Look through the data below for the line with "2pcs Muñeca Peluca" and the line with "Background with flowers and plants", then transcribe exactly from the first through the second, leaving out all pictures.

━━━━━ Given information ━━━━━

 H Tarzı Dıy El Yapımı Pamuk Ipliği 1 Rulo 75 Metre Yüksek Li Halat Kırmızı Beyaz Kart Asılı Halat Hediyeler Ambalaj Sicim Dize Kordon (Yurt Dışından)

━━━━━
━━━━━ Given information ━━━━━

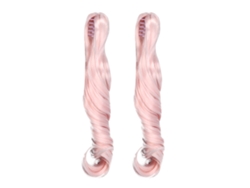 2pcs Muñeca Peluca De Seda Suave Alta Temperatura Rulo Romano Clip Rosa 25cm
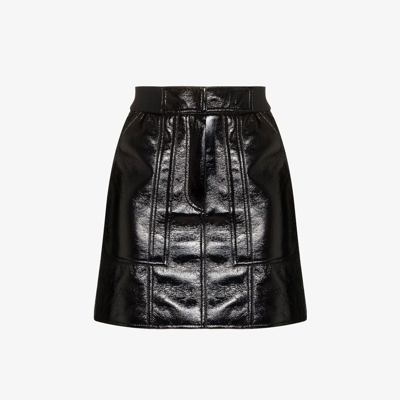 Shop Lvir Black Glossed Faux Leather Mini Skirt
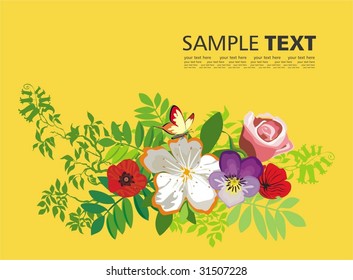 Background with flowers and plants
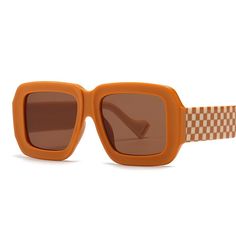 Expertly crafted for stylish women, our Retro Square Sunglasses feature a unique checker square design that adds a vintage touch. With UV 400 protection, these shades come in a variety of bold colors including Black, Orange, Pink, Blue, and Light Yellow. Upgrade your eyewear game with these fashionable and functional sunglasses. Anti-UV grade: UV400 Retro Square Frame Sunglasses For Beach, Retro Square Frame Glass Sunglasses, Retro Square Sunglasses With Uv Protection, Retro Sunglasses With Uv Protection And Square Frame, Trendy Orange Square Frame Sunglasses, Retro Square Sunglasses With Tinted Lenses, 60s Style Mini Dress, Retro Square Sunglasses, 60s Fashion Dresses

━━━━━

**Worked solution:**
 2pcs Muñeca Peluca De Seda Suave Alta Temperatura Rulo Romano Clip Rosa 25cm
 Shop Lvir Black Glossed Faux Leather Mini Skirt
 Background with flowers and plants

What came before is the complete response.